— Records for the task —
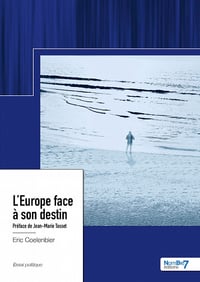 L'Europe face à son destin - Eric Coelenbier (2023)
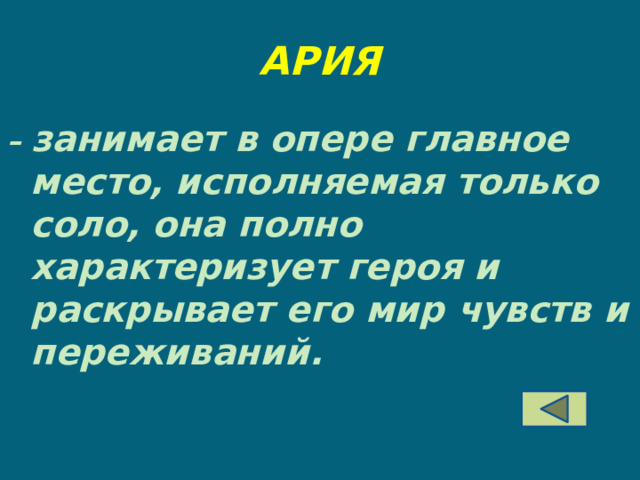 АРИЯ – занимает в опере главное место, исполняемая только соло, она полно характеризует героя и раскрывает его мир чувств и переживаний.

--

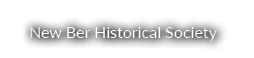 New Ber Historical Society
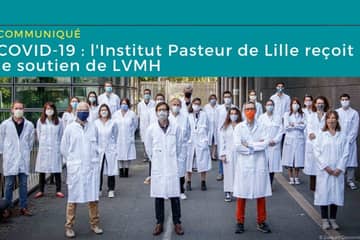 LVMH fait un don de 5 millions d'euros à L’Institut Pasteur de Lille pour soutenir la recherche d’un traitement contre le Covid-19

— Instructions for the task —
With the pictures omitted, copy the entries above exactly from the line containing "L'Europe face à" through the line containing "АРИЯ – занимает", both lines included.

— Output for this task —
 L'Europe face à son destin - Eric Coelenbier (2023)
 АРИЯ – занимает в опере главное место, исполняемая только соло, она полно характеризует героя и раскрывает его мир чувств и переживаний.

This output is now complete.